The Raven's Gift - Don Rearden [59]
After school, he would hurry to their house, grab his rain gear, and do his best not to run down the boardwalk to the house Carl lived in with a wife, six kids, mother, and grandmother. Once at the house he would climb the steps and take a deep breath before going through the arctic entry, where Carl had an old white drop-in freezer on one side loaded with birds and frozen fish, and coats and boots and other outdoor gear hung on the opposite side.
In the middle, in the path that led to the next door, which opened into the main living area of the small three-bedroom house, were various obstacles to avoid—all of them foul smelling. A full honey bucket might be waiting to be dumped, or a pile of geese ready to be plucked, or a black garbage sack bulging with fish or bird guts. Always something new, and always something odorous awaited his arrival.
Once inside, he would exhale quietly and say his hellos to the usual crowd of people gathered around the television. Carl or his wife would say, “Kuuvviara. Have coffee.” And he would. He would pour himself a cup of lukewarm coffee from the pot sitting on the stove, and then pull out a metal folding chair and wait to see if Carl felt like hunting.
While he waited his eyes would roam the items covering the wood-panelled walls, the paper elementary school certificates and awards, the gold-framed paintings of the Virgin Mary, Russian saints, and several pro basketball posters. Most of the time he would watch Carl’s wife, Carrie, or his mother prepare the evening meal. Usually, one of the women would sit on the floor, uluaq in hand, cutting a bird or a fish. Once, it was a beaver Carl had shot the night before.
The last evening they took the boat out together, Carl stood in the kitchen, gazing out the window that faced the river. He slid a hand beneath his shirt, a thin white cotton tee with STOP PEBBLE written in large red letters. “Probably not much reason to go out tonight,” he said, “but if you want to, we can.”

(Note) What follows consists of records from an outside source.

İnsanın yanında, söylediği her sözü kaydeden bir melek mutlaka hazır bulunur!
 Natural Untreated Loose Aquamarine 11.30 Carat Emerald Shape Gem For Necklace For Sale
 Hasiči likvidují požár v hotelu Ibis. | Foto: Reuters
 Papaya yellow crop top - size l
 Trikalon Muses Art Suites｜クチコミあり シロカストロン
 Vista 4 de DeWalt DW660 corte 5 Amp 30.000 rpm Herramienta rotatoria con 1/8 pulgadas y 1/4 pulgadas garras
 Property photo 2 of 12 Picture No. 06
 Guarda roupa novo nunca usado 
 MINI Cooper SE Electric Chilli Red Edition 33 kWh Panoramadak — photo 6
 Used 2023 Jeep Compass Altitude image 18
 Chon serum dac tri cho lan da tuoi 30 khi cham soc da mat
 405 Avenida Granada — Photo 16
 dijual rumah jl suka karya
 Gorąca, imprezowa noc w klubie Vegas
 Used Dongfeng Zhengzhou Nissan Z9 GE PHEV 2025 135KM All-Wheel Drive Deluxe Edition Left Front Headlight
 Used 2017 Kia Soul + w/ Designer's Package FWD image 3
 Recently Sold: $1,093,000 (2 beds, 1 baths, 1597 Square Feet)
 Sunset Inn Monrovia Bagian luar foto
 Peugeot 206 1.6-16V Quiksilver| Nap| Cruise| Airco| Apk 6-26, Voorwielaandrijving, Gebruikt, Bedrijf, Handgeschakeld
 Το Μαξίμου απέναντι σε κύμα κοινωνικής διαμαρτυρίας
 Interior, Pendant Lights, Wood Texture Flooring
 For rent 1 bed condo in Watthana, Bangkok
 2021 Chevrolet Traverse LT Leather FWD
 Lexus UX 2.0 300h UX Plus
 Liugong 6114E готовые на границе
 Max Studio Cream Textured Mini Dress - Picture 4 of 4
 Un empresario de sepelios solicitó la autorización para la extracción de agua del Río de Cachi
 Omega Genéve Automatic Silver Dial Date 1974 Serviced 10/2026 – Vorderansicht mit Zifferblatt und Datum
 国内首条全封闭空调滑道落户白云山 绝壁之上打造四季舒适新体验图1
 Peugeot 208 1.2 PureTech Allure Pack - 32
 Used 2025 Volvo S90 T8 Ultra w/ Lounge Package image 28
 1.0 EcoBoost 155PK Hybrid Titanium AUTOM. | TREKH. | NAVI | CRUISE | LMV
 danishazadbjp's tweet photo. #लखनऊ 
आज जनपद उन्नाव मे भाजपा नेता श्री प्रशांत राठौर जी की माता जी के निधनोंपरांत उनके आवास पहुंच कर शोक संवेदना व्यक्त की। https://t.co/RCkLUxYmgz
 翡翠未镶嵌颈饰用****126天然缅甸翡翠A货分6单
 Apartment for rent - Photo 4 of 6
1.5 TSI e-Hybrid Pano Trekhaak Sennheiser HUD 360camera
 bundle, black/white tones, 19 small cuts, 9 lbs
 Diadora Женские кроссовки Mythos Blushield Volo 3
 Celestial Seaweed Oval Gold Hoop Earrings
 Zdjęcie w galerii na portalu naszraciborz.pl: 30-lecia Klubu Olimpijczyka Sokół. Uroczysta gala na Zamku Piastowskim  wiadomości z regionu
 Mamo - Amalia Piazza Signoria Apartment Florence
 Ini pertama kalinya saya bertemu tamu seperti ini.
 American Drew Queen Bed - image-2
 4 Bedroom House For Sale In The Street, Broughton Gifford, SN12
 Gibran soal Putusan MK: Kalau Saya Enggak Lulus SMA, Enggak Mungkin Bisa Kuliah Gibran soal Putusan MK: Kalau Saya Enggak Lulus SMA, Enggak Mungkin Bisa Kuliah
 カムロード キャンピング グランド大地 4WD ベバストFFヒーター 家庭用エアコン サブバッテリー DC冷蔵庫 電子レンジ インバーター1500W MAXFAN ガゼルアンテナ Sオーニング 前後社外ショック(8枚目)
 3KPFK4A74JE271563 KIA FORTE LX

He turned and smiled at John.
“I wouldn’t mind.”
“Me neither,” Carl said. “River could freeze up any time. Maybe when we get back you could help me pull the motor on the boat. Get it ready for winter.”
“No problem. That’s the least I can do.”
Carrie looked up from the stainless mixing bowl in her lap, while her hand continued stirring the mixture of lard, sugar, and berries. “I’m making your favourite kind, John. Salmonberry akutaq,” she said. “Carl, we’re almost out of water, too. You’ll have to haul some when you get back. Have John help you if he wants my famous Eskimo ice cream.”
“Yours is the best a-goo-tuck I’ve had,” John said, attempting to say the word as well as he could. He looked at the plastic garbage barrel that they used for their drinking water, a green can sitting beside the stove with a round plywood cover.
“Do you think you’ll ever get running water in the houses?” he asked.
Carl finished his coffee and set the mug in the sink, a traditional white sink, except there was no faucet, just three holes where the fixture should have been. “Not in my lifetime,” he said. “If we had oil wells here, or if there were more kass’aqs, maybe then. Some company is putting a gold mine up the Kuskokwim. Maybe if they take a couple billion dollars of gold out they will think about helping us get running water, but I doubt it. No one in the Lower Forty-eights cares that we shit in buckets and have to haul our water. Nobody cares if they deploy three-quarters of our best men and women to the desert. No one cares if our kids have tuberculosis. Sorry, enough complaining. You ready to go?”
John nodded. He finished his coffee and put the cup in the sink. “Thank you,” he said to Carrie. She smiled and raised her eyebrows.
“We say quyana,” she said.
“I know. I’m working on learning some words,” he replied.
As they packed their rain gear and guns in the boat, John asked about the mine. He hadn’t heard about any gold mines nearby.